Van deVelde and Valkeneers explain the statement by Rombaut and Tijs in the Nationaal Biografisch Woordenboek that Rubens was born in Antwerp with the fact that several documents list Peter Paul as a citizen of Antwerp (54), possibly because his older brother Philip had obtained official Antwerp citizenship on July 24, 1607 even though he claimed to have been born in Cologne (Appendix 19-21). This was a prerequisite for his post of Secretary of the City of Antwerp, to which he was appointed on January 14, 1609 with his Brabant nationality specifically confirmed by the Archdukes Albert and Isabella. The authors point out that around that time the archdukes may have thought of appointing Peter Paul as their court painter which happened officially September 23 of that year. They also explain why Maria Pijpelinckx’s trip to Antwerp in 1576 or 1577, as Rombaut and Tijs suggest, is highly unlikely 60).

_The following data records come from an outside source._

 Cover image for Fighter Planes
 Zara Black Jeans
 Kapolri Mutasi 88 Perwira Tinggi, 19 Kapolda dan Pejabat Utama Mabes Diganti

The Vita Petri Pauli Rubenii, first published in 1837 by Baron de Reiffenberg 28) is known today only from later eighteenth-century copies. The authors suggest that the underlying version is closest to the text, probably of 1772, bound in with the Tableau Historique et généalogique de la famille de P. P. Rubens par L.J.A. De Roovere, tome second (Ms. 21740 in fine in the Royal Library, Brussels; Appendix 29, figs. 10-11). Moreover, the article of 1861 on Rubens’s place of birth by L. Ennen in the Annalen des historischen Vereins für den Niederrhein (IX-X, 1861: 216-236) luckily preserves a now lost document from the Historisches Archiv, Cologne. One of the desiderata the authors suggest is to correlate the various Vita versions and to annotate and translate it (29). The authors also established that there was no inscription on Rubens’s tombstone in St. Jacob’s church when it was installed in 1755. The text seen today reproduces that cited by De Piles which apparently had been sent to him by the artist’s nephew Philip (49). The publication ends with a bibliography but no index.